Carlos III da la puntilla a las estilográficas

Si había alguna esperanza para la supervivencia de las viejas papelerías y sus escaparates con plumas estilográficas, Carlos III la ha asesinado. El monarca chinchoso, como lo llaman ya, ha hundido esos objetos de culto que daban relumbre social y lustre a un acontecimiento, o que vivirían de esa leyenda. En dos firmas de su reinado se le ha visto asquerosamente enfadado por culpa de la bandeja de la pluma, algo que dejó traslucir con un rictus labial de perro rabioso convaleciente de una vacuna y con el meneo despreciativo de una mano amenazante para el servicio, en cuanto al primer incidente. En el segundo, nada menos que en Irlanda, exhibió su picazón contra las estilográficas con la queja por un escape de tinta que le manchó sus dedos inmaculados. Camila de Cornualles hizo un comentario de desesperación: como si supiese de siempre que él y «estos artilugios» tienen una difícil conciliación. No me lo imagino por nada del mundo haciendo uso de la firma digital. Las estilográficas, los bolígrafos, los lápices, las libretas Moleskine, las agendas, las gomas de borrar, las grapadoras, las perforadoras, los archivadores, las tijeras, las cartulinas... Un aparataje retro que descansa en el fondo de librerías y que va mucho más allá del bloc escolar o el material para las manualidades.
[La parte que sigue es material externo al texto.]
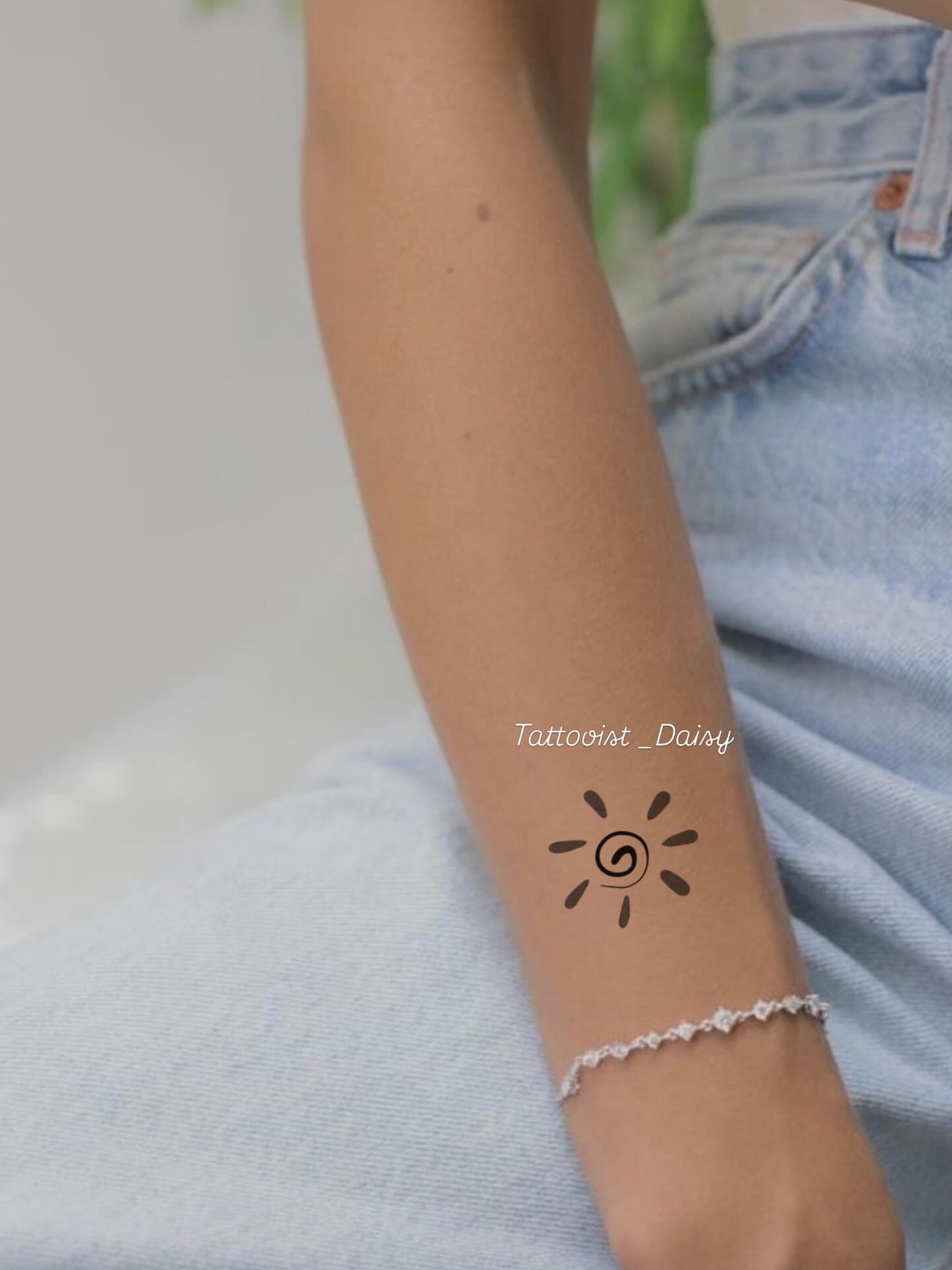 Sun spiral minimalist tattoo on the forearm by Ink _daisy_
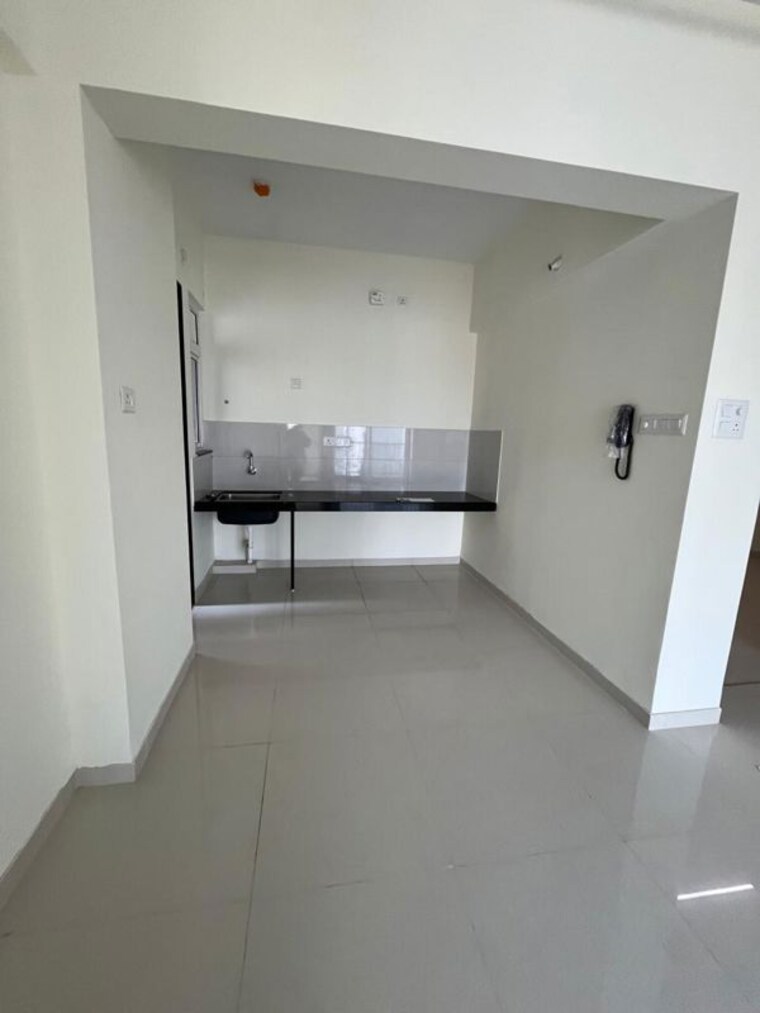 Kitchen, kolte-patil-life-republic-16th-avenue-arezo 2 Bedroom 750 Sq.Ft. Apartment In Hinjewadi Pune 10442859
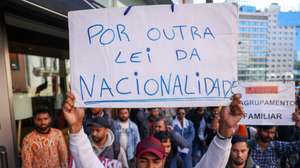epa12015245 A protester holds a banner 'In defence of another nationality law' during a protest against the discrimination and lack of answers from Agency for Integration, Migration and Asylum (AIMA) in Lisbon, Portugal, 07 April 2025. The initiative, supported by Portugal’s largest immigrant association, Solidariedade Imigrante, reflects the concerns of immigrants over recent legal reforms that abolished the ‘expression of interest’ — a legal resource that allowed the legalisation of foreigners only with a tourist visa.  EPA/MIGUEL A. LOPES
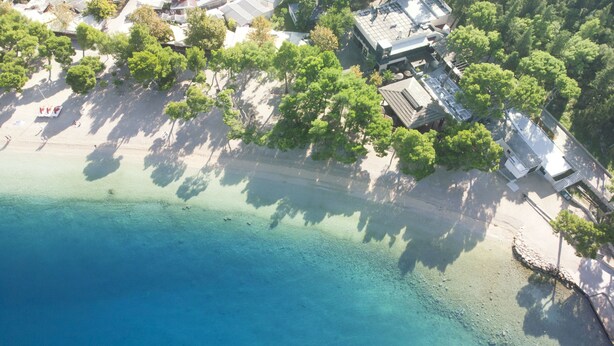 An aerial view of a coastal area with clear blue waters, a sandy beach, and a cluster of buildings with trees nearby. - Apartments and Room Nevenka (Makarska)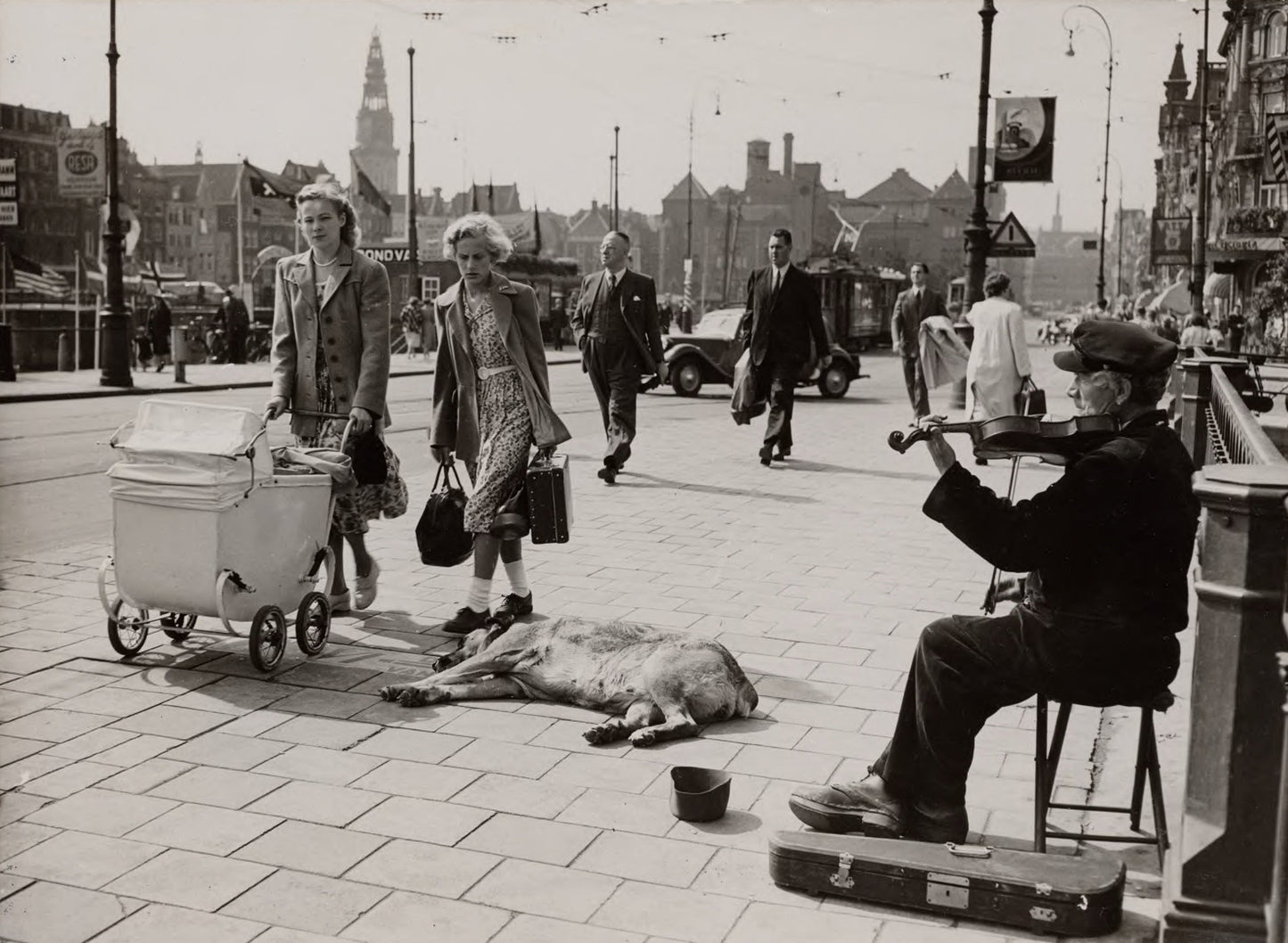 Zwart-witfoto uit 1950 van een straatviolist op een brug bij het Centraal Station in Amsterdam.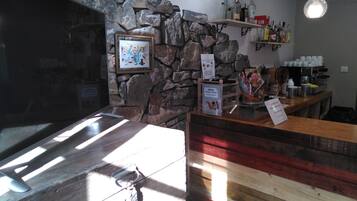 A bar area with a stone wall, wooden counter, and various bottles and cups.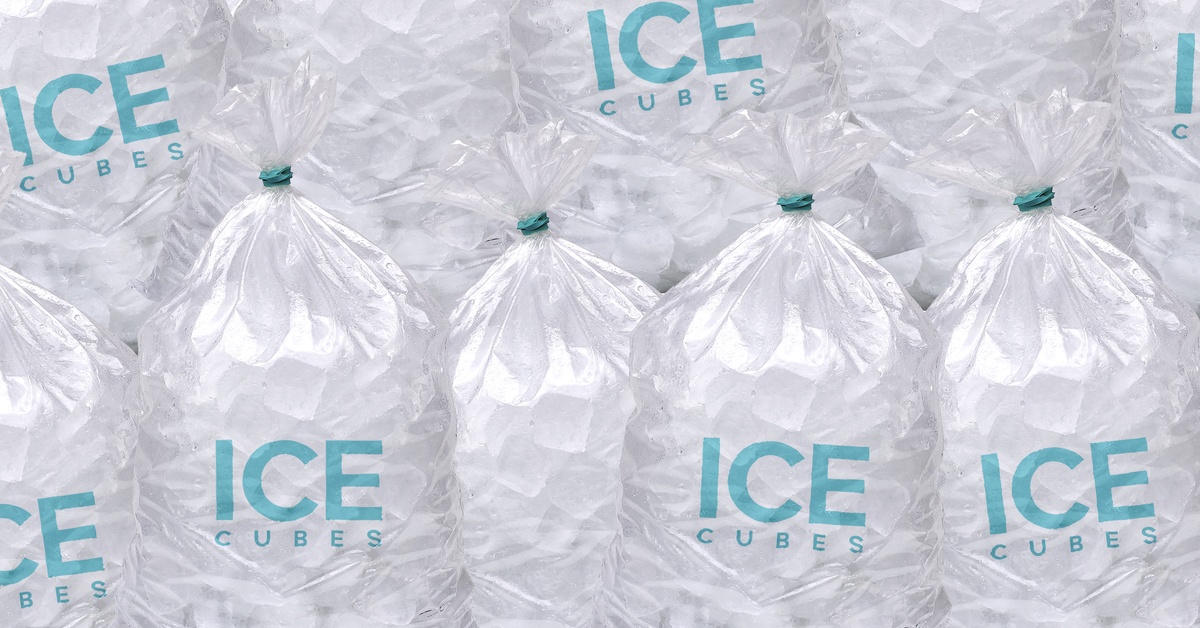 Several large bags of ice rest on top of each other. The front of the bags says "ICE CUBES" in blue font.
Entre esa existencia cubierta de polvo están las estilográficas que tanto amargan al monarca británico, símbolos neurálgicos cuando han sido utilizadas para firmar un acuerdo de paz o una compraventa que cambia la vida de los que dan fe. He visto colecciones de ellas, ediciones exclusivas, que atesoran personas que en su vida han tecleado un ordenador y que las manejan igual que si fuese un florete en un campeonato de esgrima, con una letra artística que se desliza con vida propia por el papel. Una destreza que deja boquiabiertos a los que ya no podemos escribir de forma legible, una vez que la caligrafía se ha perdido entre las tinieblas del analógico. Carlos III, al final, no deja de ser un obseso que quiere sus plumas y tinteros en perfecto orden de revista, sin escapes. Un ser irritante.